## one-to-one function

**one-to-one function or injective function is one of the most common functions used. **

One-to-One functions define that each element of one set say Set (A) is mapped with a unique element of another set, say, Set (B).

To understand this, let us consider ‘f’ is a function whose domain is set A. The function is said to be one to one if for all x and y in A,

x=y if whenever f(x)=f(y)

In the same manner if x ≠ y, then f(x) ≠ f(y)

Formally, it is stated as, if f(x)=f(y) implies x=y, then f is one-to-one mapped or f is 1-1.

**if f(x) = y then only f ^{-1}(y) = x **

**Example 1: Show that f: R → R defined as f(a) = 3a ^{3} – 4 is one to one function?**

**Solution:**

Let f (a1) = f ( a_{2} ) for all a_{1} , a_{2} ∈ R

So 3a_{1}^{3} – 4 = 3a_{2}^{3} – 4

a_{1}^{3} = a_{2}^{3}

a_{1}^{3} – a_{2}^{3} = 0

(a_{1} – a_{2}) (a_{1} + a_{1}a_{2} + a_{2}^{2}) = 0

a_{1} = a_{2} and (a_{1}^{2} + a_{1}a_{2} + a_{2}^{2}) = 0

(a_{1}^{2} + a_{1}a_{2} + a_{2}^{2}) = 0 is not considered because there are no real values of a_{1} and a_{2}.

Therefore, the given function f is one-one.

## Onto Function

To explain Onto function consider two sets, Set A and Set B which consist of elements. Ifthere is at least one or more than one element matching with A for every element of B, then the function is said to be **onto function** or surjective function.

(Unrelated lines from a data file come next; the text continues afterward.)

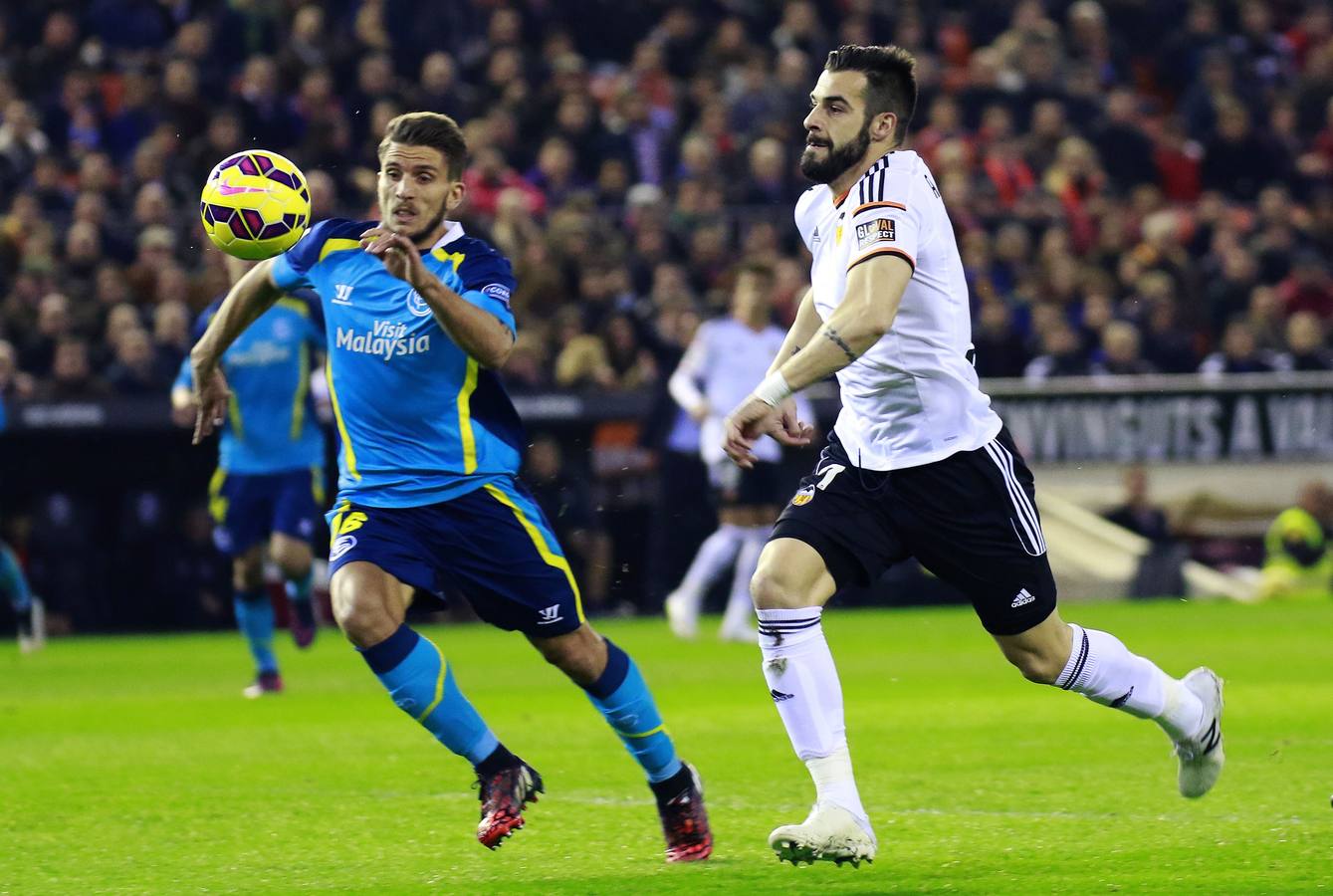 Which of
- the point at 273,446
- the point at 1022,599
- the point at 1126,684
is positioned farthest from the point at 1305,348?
the point at 1022,599

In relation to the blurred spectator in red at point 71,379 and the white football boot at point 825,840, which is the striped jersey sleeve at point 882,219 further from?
the blurred spectator in red at point 71,379

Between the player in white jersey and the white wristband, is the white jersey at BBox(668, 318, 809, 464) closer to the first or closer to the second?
the player in white jersey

You can see in the figure that for each element of B there is a pre-image or a matching element in Set A. Hence it is called an onto function. In the second figure it can be seen that one element in Set B is not mapped with any of the element of set A. Because of this it’s not an onto function

- Every onto function has a right inverse and every function with a right inverse is an onto function. When we compose onto functions, the result will be onto function only.

**Example: Let A={1,5,8,9) and B{2,4} And f={(1,2),(5,4),(8,2),(9,4)}. Then prove f is a onto function.**

**Solution:** From the question itself we get,

A={1,5,8,9)

B{2,4}

& f={(1,2),(5,4),(8,2),(9,4)}

Here, the entire element on B has a domain element on A or we can say element 1 and 8 & 5 and 9 has same range 2 & 4 respectively.

Therefore, f: A → B is ansurjective function.

Hence, the onto function proof is explained.